Sleep Disordered Breathing (SDB) and Obstructive Sleep Apnea (OSA)
While not directly treated or cured by orofacial myology, evidence suggests that therapy can provide improvements in SDB and OSA. The benefits of supportive therapy to enhance treatment outcomes for these conditions are greatest in combination with breathing retraining and in collaboration with the patients sleep medicine dentist or physician.
Tongue-tie is a restriction in the movement of the tongue, ranging from mild to severe. This restriction is due to tension in the lingual frenum. Tongue-tie causes difficulties at every age; it interferes with infant feeding, swallowing and oral hygiene. Tongue-tie also affects speech, causes tension in the neck, face and jaw and can contribute to sleep disordered breathing.
A dentist, oral surgeon or ENT (otolaryngologist) can perform a tongue-tie release (lingual frenectomy). Therapy trains the tongue how to rest and function properly and greatly reduces risk of reattachment of the lingual frenum. It is best to have an evaluation and, depending on the case, start therapy before the tongue-tie release is performed with continued therapy after the procedure to assist healing and achieve optimal function.
Tongue thrust (tongue resting/pushing against or between the teeth)
Tongue rest posture is critical to the stability of a normal bite (occlusion). Movement of teeth is accomplished with light, consistent pressure. When the tongue rests or pushes against the teeth habitually, they move, potentially causing an open bite or orthodontic relapse. Myofunctional therapy to correct tongue rest posture supports orthodontic treatment outcomes and stable occlusion.
Messy or loud eating/drinking
Picky eating and texture aversion
Tongue thrust swallow
These symptoms relate to the chew, bolus collection, swallow sequence. When this sequence is not functioning correctly, eating can be labored, loud, messy and frustrating for the individual and those around them. In many cases, picky eating and texture aversion are due to difficulty of the chew, bolus collection, swallow sequence. Once the swallow sequence is corrected, these issues can resolve.
(In cases where picky eating and texture aversion are not swallow-related, it is recommended that the client see a speech-language pathologist or occupational therapist)
Excessive drool (poor saliva management)
Drool causes inconvenience, embarrassment, self-esteem problems and discomfort.
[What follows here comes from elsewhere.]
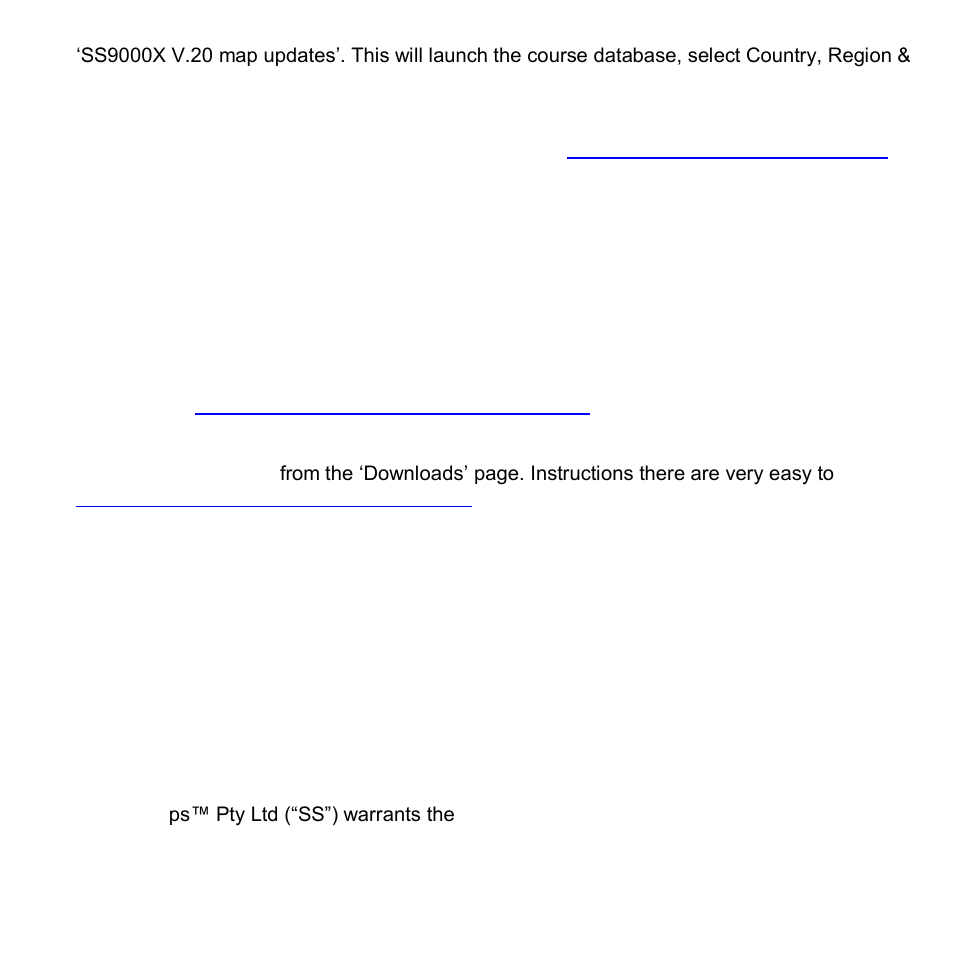 Limited warranty | Sureshotgps SS9000X V2.0 User Manual | Page 25 / 28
It can be reduced or eliminated through muscle strengthening exercises for the lips and cheeks and by improving the resting posture of the tongue.
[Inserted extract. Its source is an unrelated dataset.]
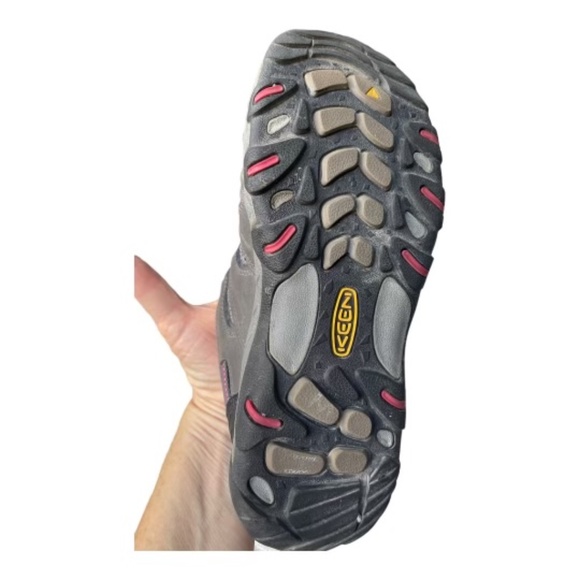 Keen Koven Cross trainer hiking shoes low top Size 7.5 - Picture 4 of 6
Sucking of thumb/finger, tongue, cheek, lip, or clothing
Prolonged pacifier use
Biting of nails, lip, or object
Harmful oral habits, especially thumb/finger sucking, can cause mild to severe alterations in facial skeletal development, eruption and position of teeth, and lead to problems with oral and facial muscles. Speech changes and lowered self-esteem can also develop. Pacifier use past 10 months of age can lead to a number of problems. All such oral habits introduce germs (microbes) into the body increasing the likelihood and frequency of illness.
The severity of the resulting damage caused by oral habits depends on frequency, intensity and duration of the habit. Elimination of harmful oral habits is a first step in therapy.
Difficulty with oral functions after trauma or illness
Changes in or loss of muscle function can be very debilitating. Surgical removal of muscle in the face, mouth or tongue is sometimes necessary due to oral cancer and can cause difficulty with oral functions. Therapy helps to maximize the remaining muscle function and find helpful ways to compensate for deficits.
Facial asymmetry due to muscle weakness
Muscle weakness from illness or trauma can cause one side of the face or mouth to droop. Exercises to strengthen the oral and facial muscles improve facial symmetry.
Face or Jaw pain
While craniofacial pain and temporomandibular joint disorder (TMD) are not treated or cured directly by orofacial myology, these conditions can be exacerbated by orofacial myofunctional disorders (OMDs) and can therefore benefit from therapy when OMDs are present. Collaboration with the client's sleep medicine dentist or physician and assessment for OMDs are necessary to determine if supportive therapy can enhance treatment outcomes.